======== EXTRACTED RECORDS

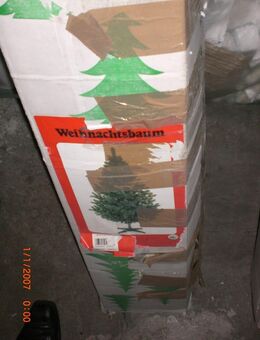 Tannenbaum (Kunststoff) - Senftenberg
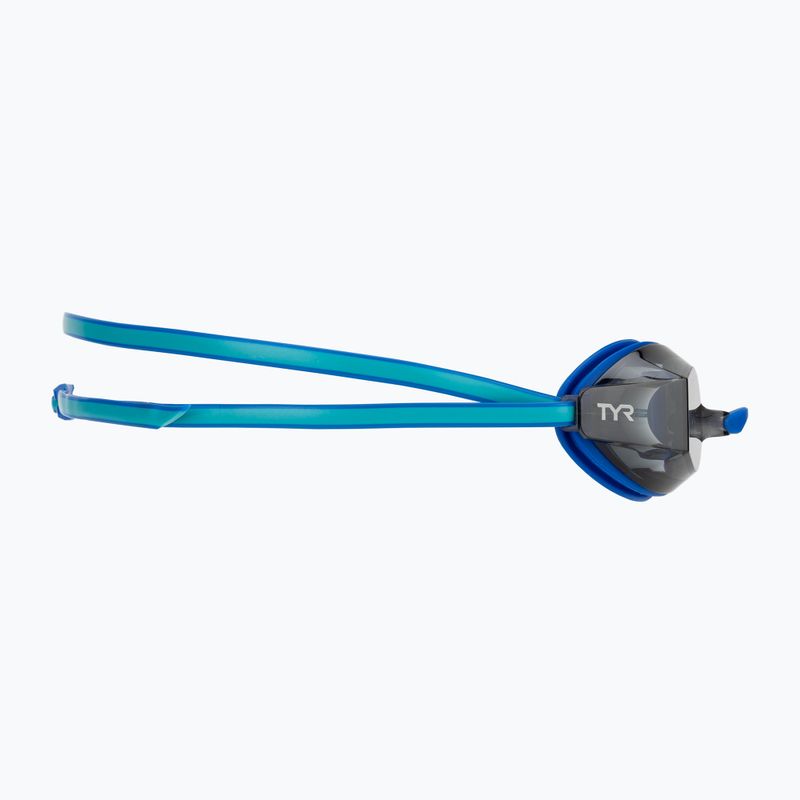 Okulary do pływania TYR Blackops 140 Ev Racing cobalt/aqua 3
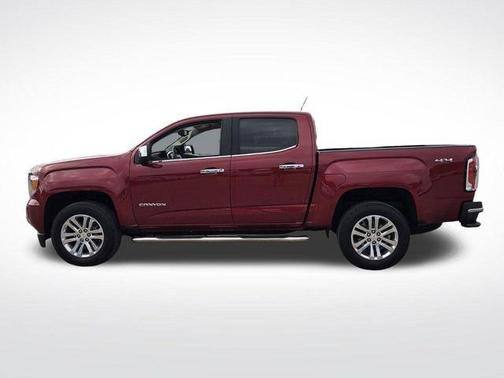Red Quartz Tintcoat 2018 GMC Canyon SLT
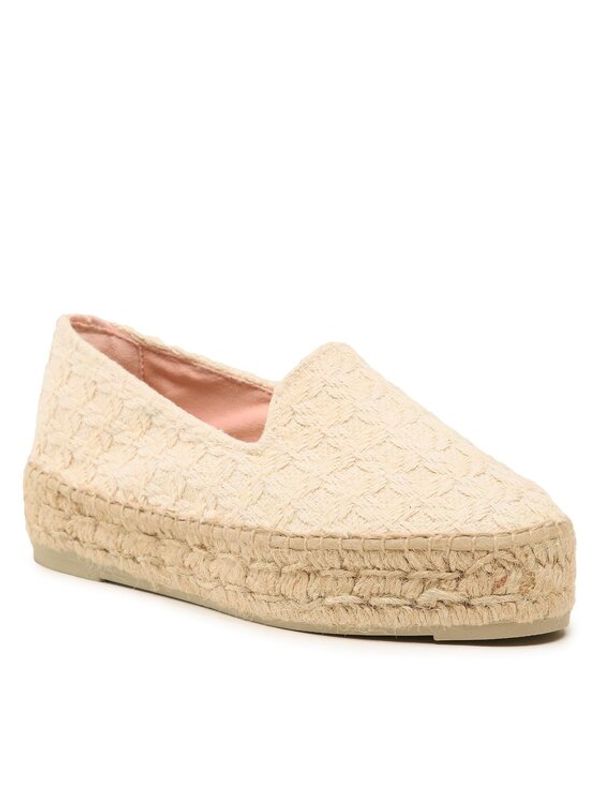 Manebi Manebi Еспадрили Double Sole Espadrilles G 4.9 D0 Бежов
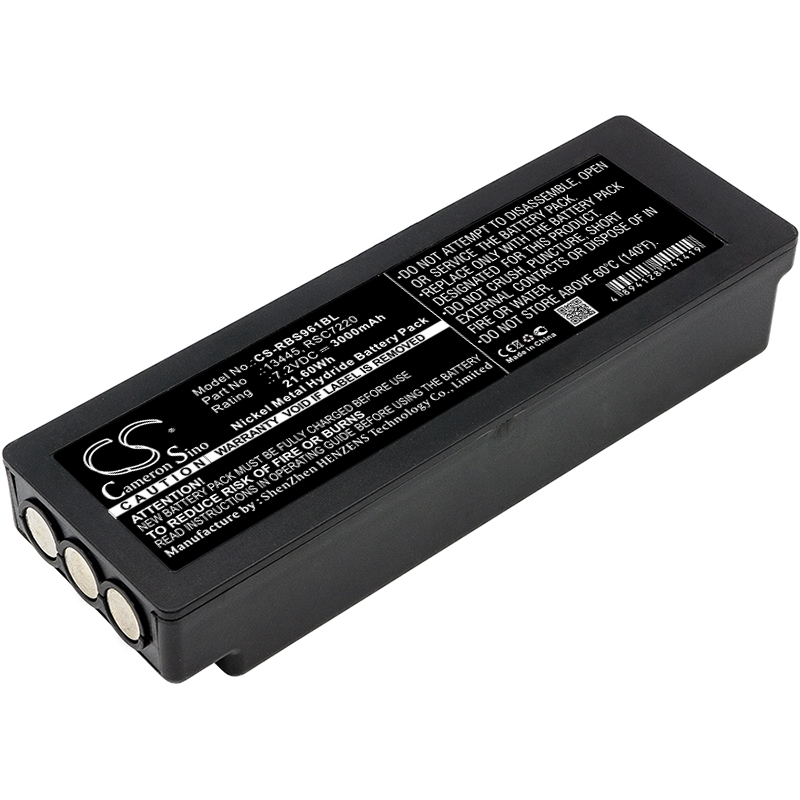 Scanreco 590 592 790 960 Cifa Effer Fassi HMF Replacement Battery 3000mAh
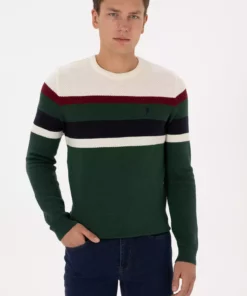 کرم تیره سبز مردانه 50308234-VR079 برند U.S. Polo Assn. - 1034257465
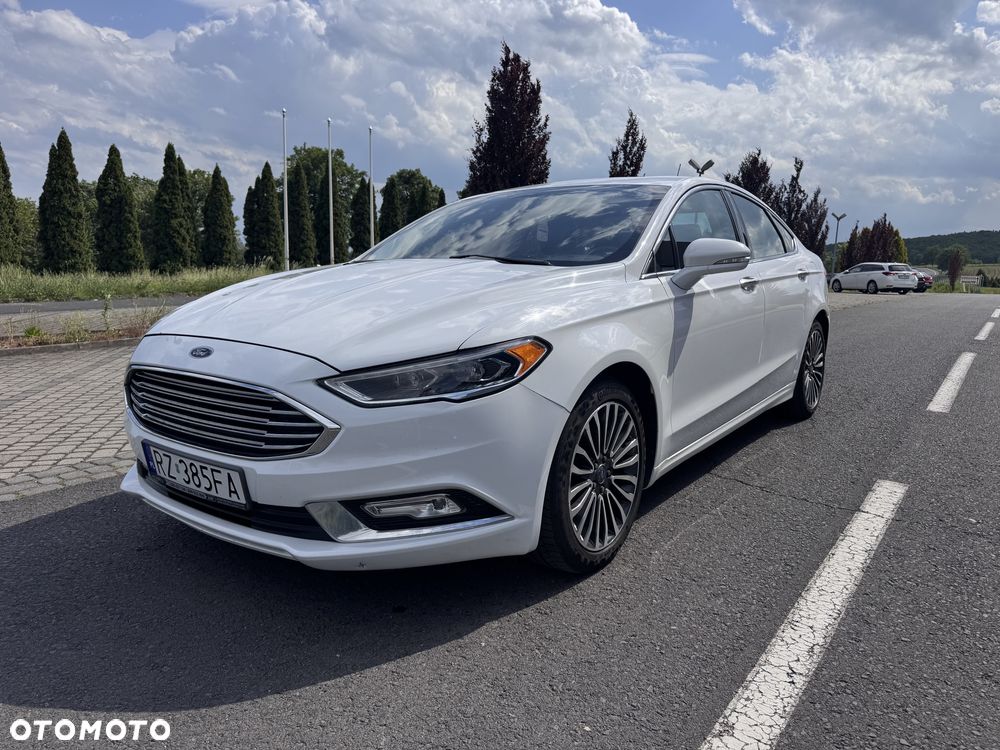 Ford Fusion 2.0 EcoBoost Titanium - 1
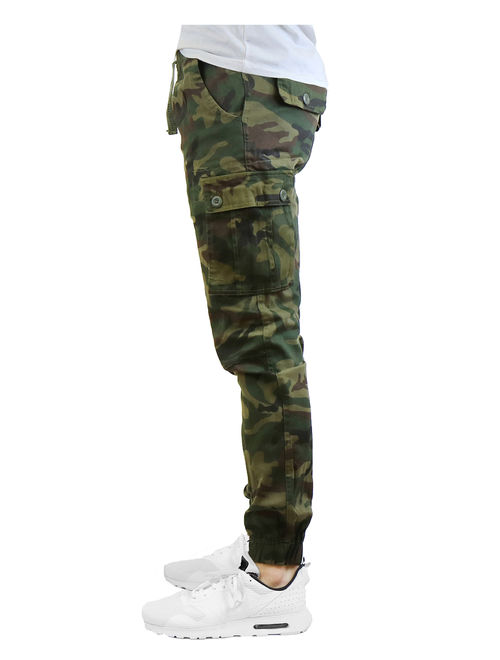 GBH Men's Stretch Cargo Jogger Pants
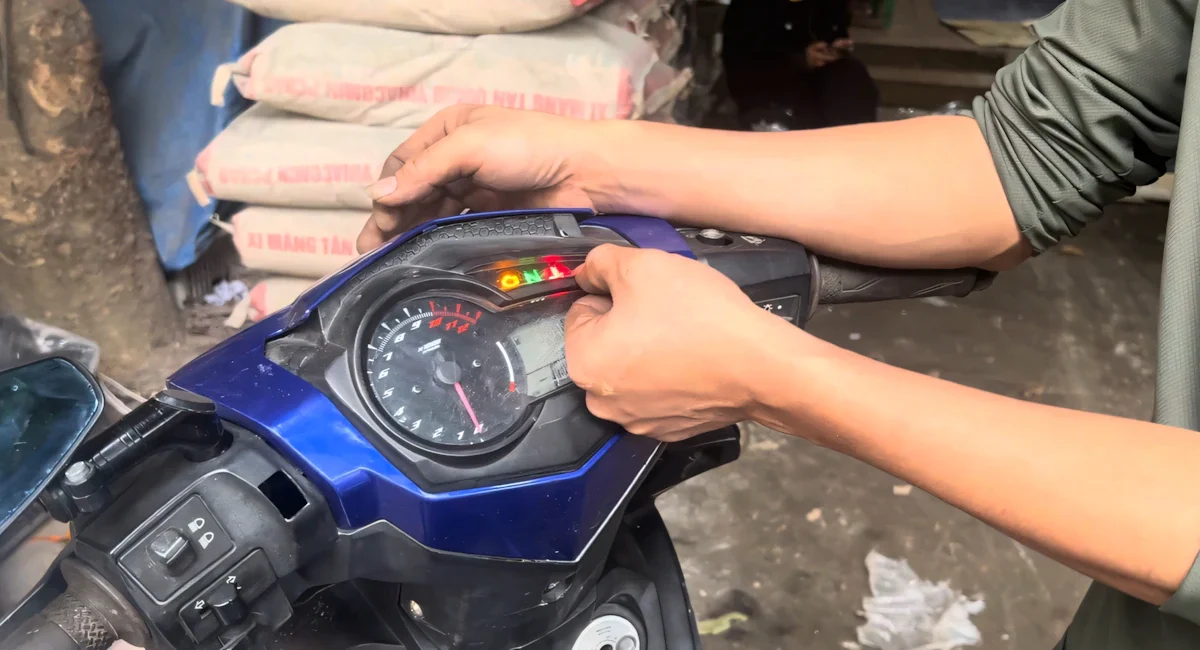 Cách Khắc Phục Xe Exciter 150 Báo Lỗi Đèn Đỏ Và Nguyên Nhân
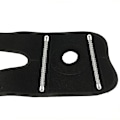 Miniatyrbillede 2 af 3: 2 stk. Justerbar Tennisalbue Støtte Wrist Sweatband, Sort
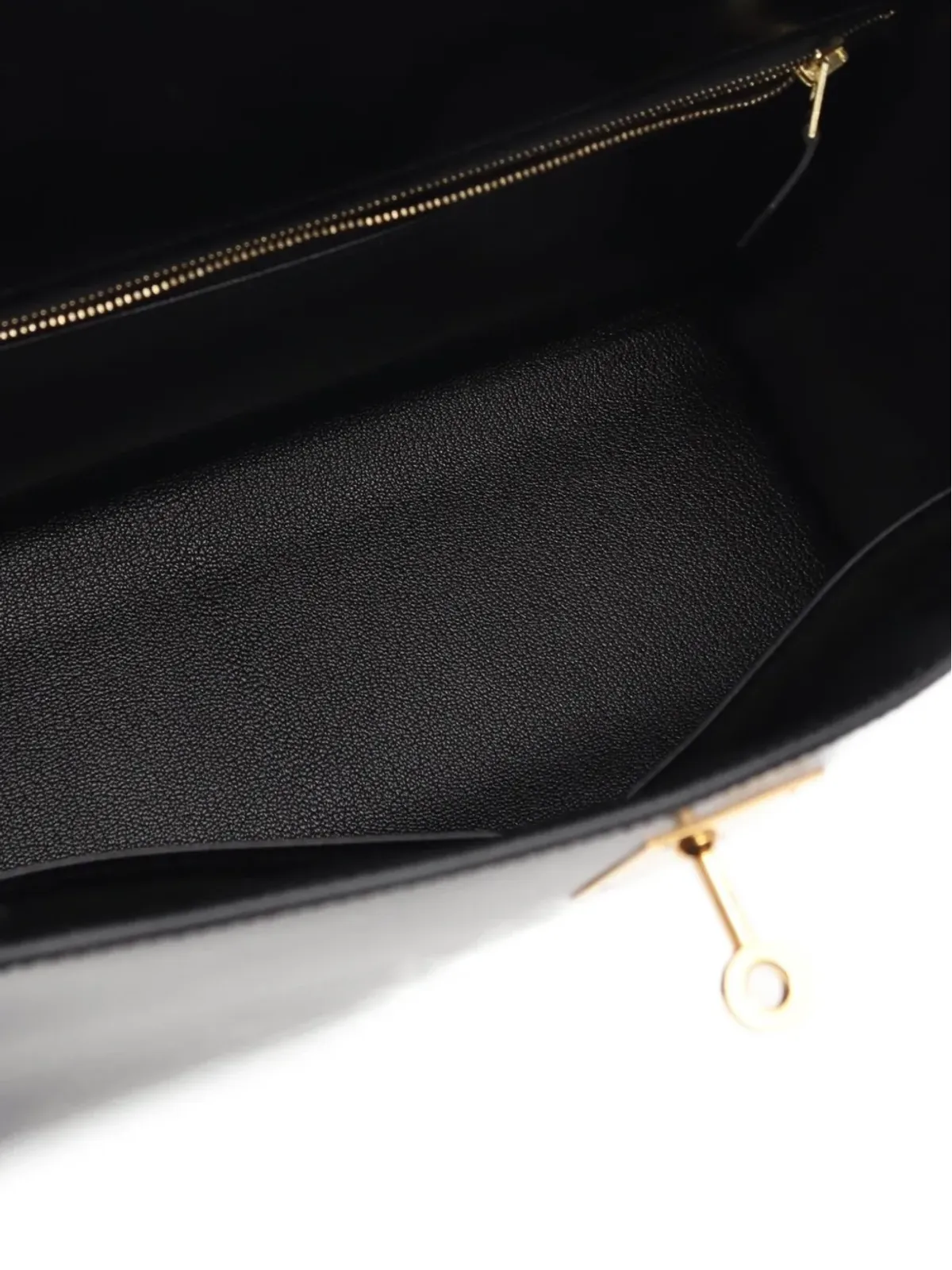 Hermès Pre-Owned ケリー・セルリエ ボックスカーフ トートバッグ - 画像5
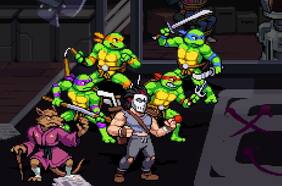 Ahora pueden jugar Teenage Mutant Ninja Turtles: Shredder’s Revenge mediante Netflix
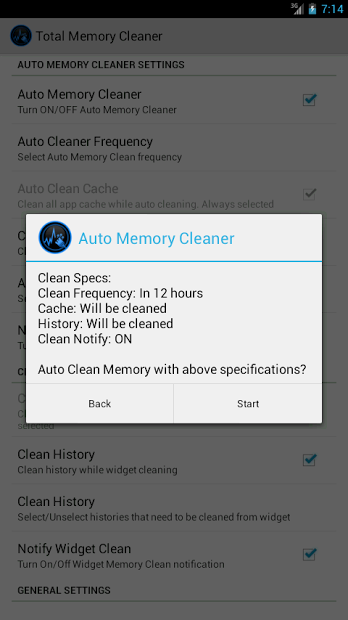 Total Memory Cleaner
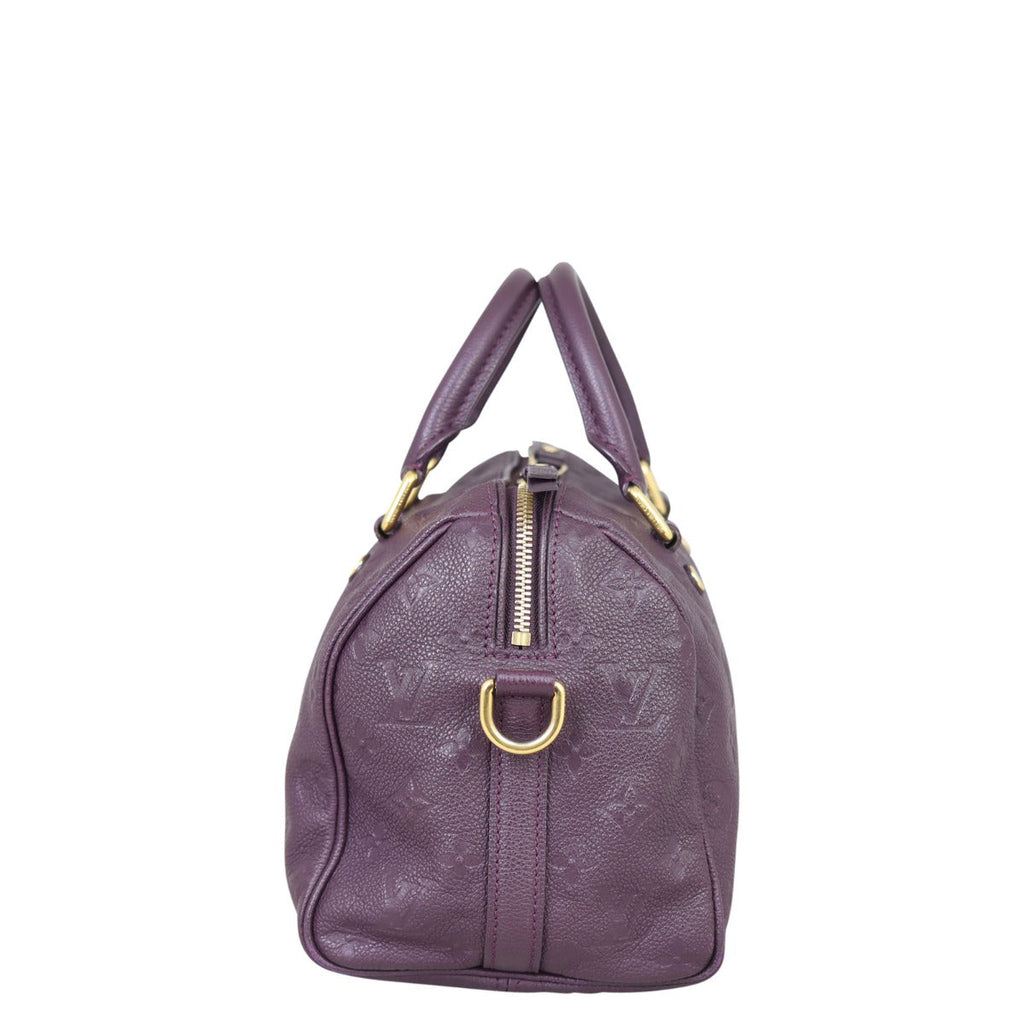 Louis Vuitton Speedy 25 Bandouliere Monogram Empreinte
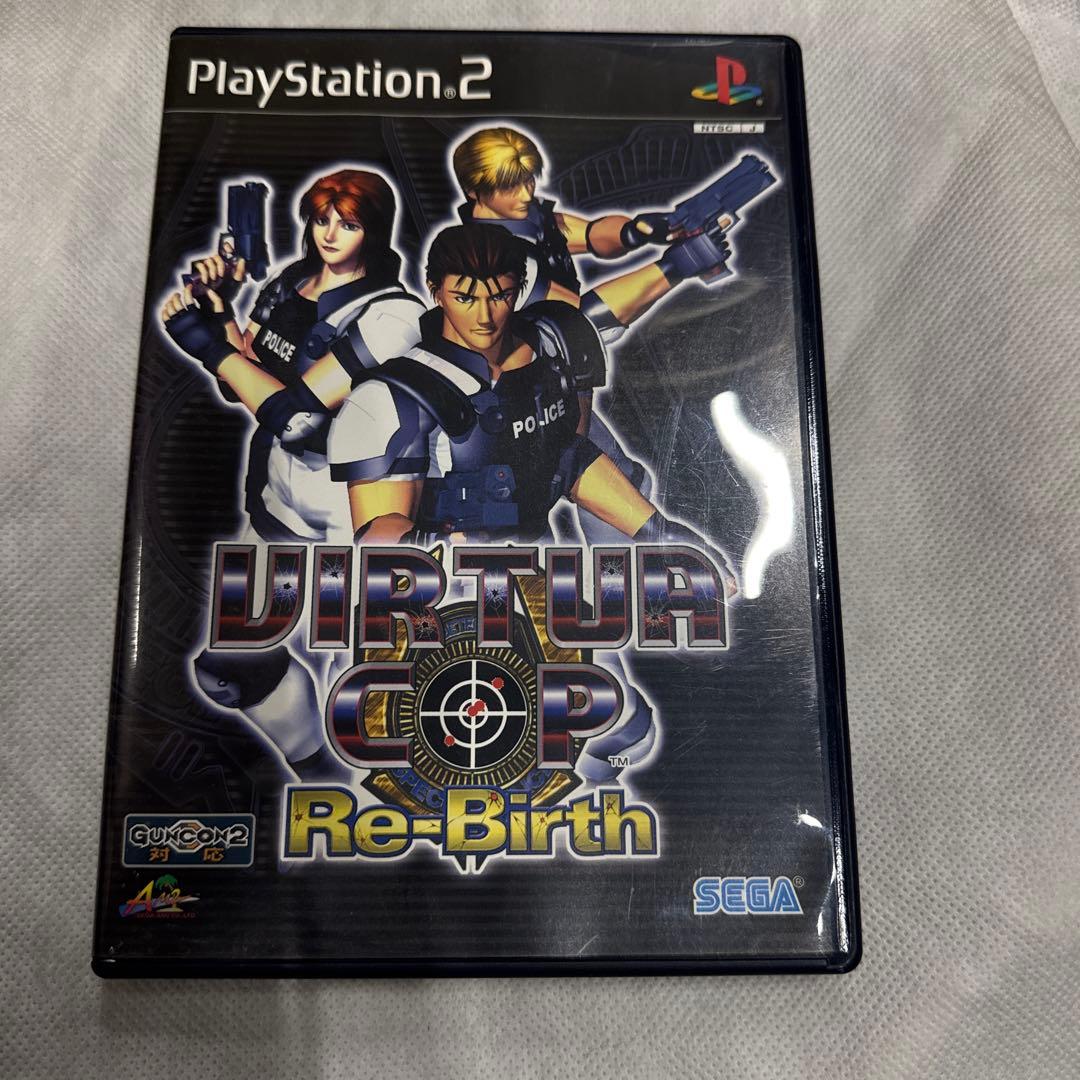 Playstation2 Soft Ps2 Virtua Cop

================

» **WORK TASK**
Using the data above, transcribe exactly the lines between those containing "Ford Fusion 2.0 EcoBoost Titanium - 1" and "Miniatyrbillede 2 af", inclusive, and leave every picture behind.

» **REPLY**
 Ford Fusion 2.0 EcoBoost Titanium - 1
 GBH Men's Stretch Cargo Jogger Pants
 Cách Khắc Phục Xe Exciter 150 Báo Lỗi Đèn Đỏ Và Nguyên Nhân
 Miniatyrbillede 2 af 3: 2 stk. Justerbar Tennisalbue Støtte Wrist Sweatband, Sort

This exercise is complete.